▶ **Exercise prompt**
Reproduce the data exactly and drop any pictures it holds.

--- Raw data Enclosed Below ---

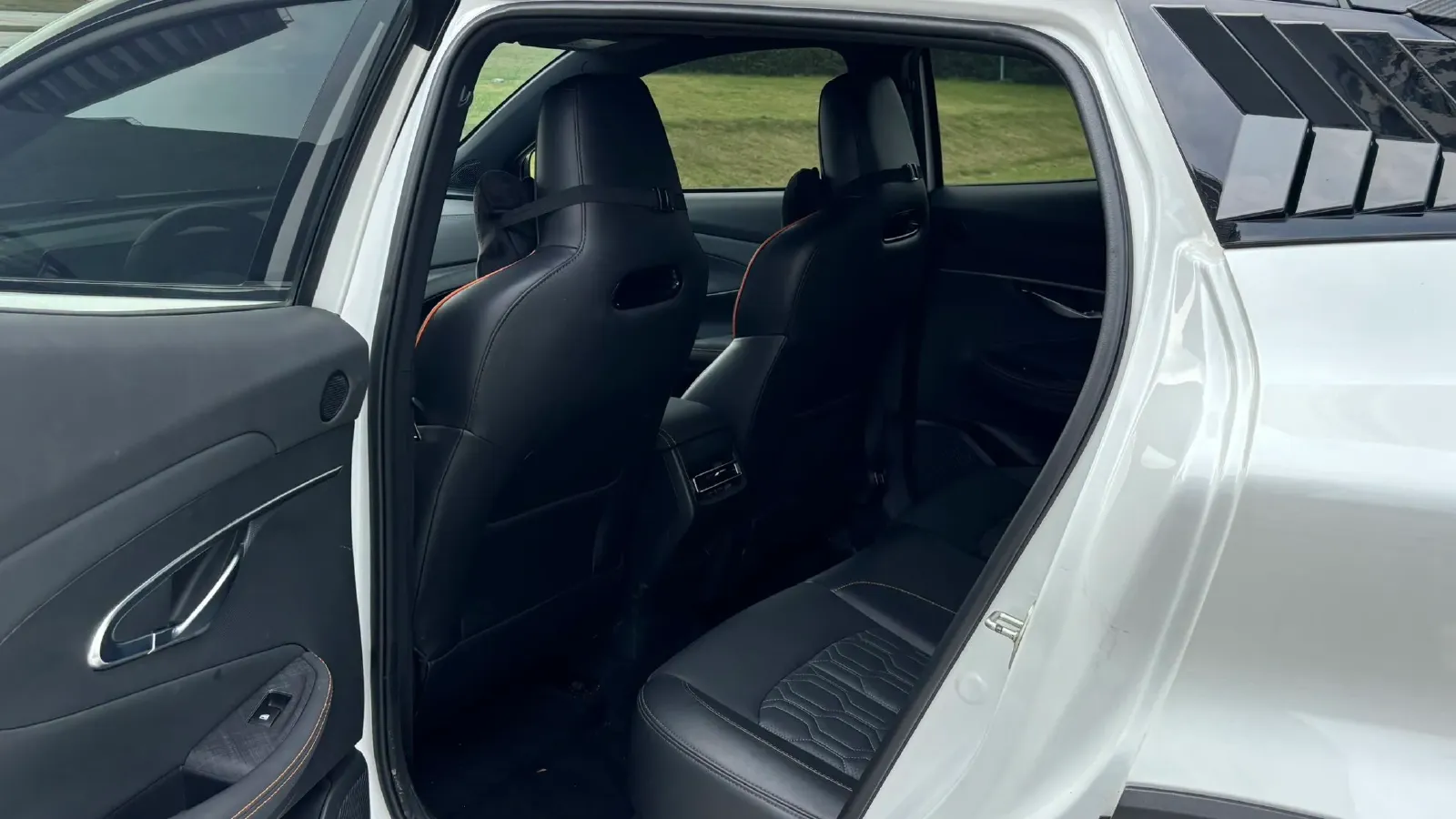 2022 ChangAn UNI-T 2.0T 233HP L4 8AT,autocango,china used car exporter,china ev exporter,chinese used car exporter,chinese used ev exporter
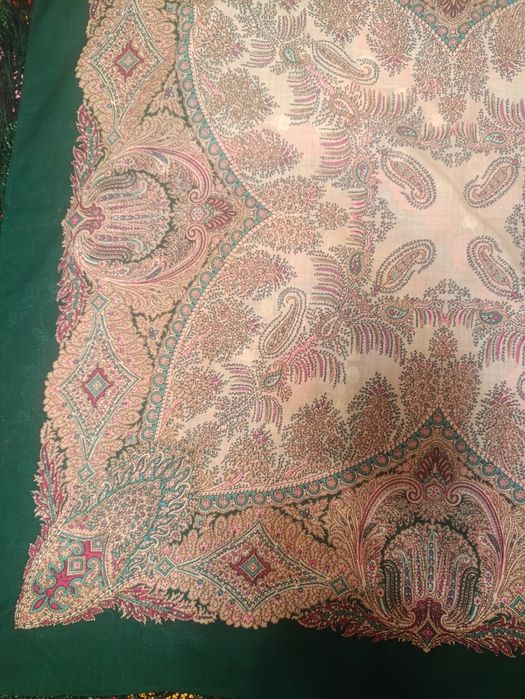 Павлопасатский платок, шерсть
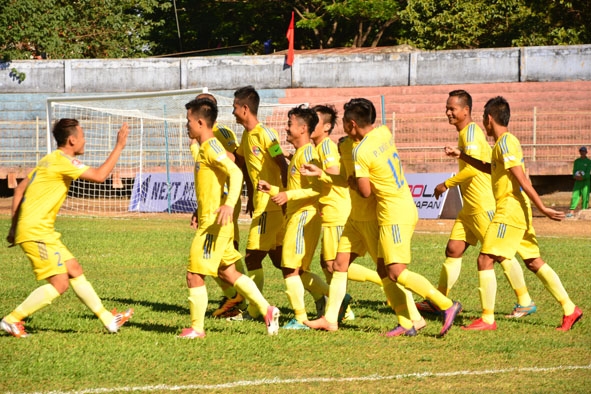 Niềm vui của các cầu thủ Đắk Lắk sau khi ghi bàn vào lưới đội khách Câu lạc bộ bóng đá Huế.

--- End of Enclosed Raw data ---

▶ **Result**
 2022 ChangAn UNI-T 2.0T 233HP L4 8AT,autocango,china used car exporter,china ev exporter,chinese used car exporter,chinese used ev exporter
 Павлопасатский платок, шерсть
 Niềm vui của các cầu thủ Đắk Lắk sau khi ghi bàn vào lưới đội khách Câu lạc bộ bóng đá Huế.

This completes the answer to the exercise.